++++ Exercise data ++++
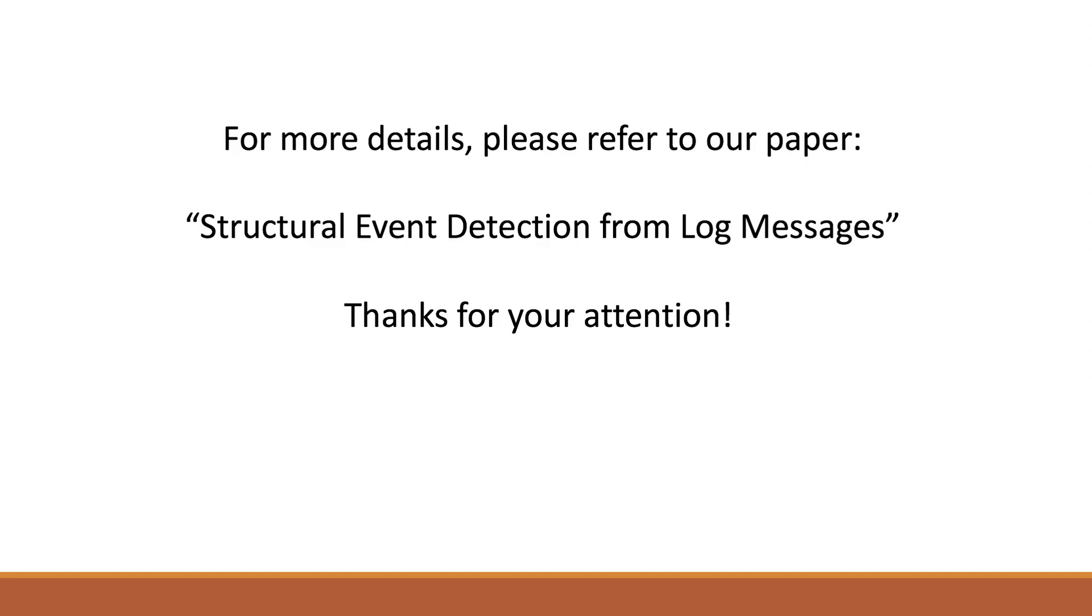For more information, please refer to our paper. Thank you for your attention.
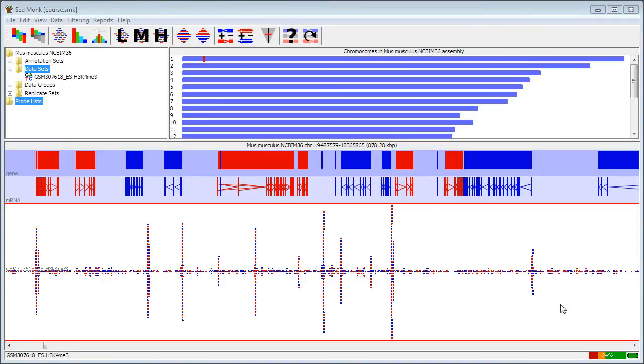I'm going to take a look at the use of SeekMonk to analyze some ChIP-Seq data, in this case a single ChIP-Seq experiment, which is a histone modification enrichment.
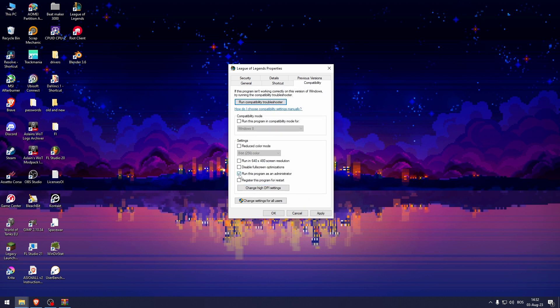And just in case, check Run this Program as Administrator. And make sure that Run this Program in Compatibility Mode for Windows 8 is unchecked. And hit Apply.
++++
** What the exercise asks **
Repeat verbatim all the material, but not the pictures.

** Your response **
For more information, please refer to our paper. Thank you for your attention.
I'm going to take a look at the use of SeekMonk to analyze some ChIP-Seq data, in this case a single ChIP-Seq experiment, which is a histone modification enrichment.
And just in case, check Run this Program as Administrator. And make sure that Run this Program in Compatibility Mode for Windows 8 is unchecked. And hit Apply.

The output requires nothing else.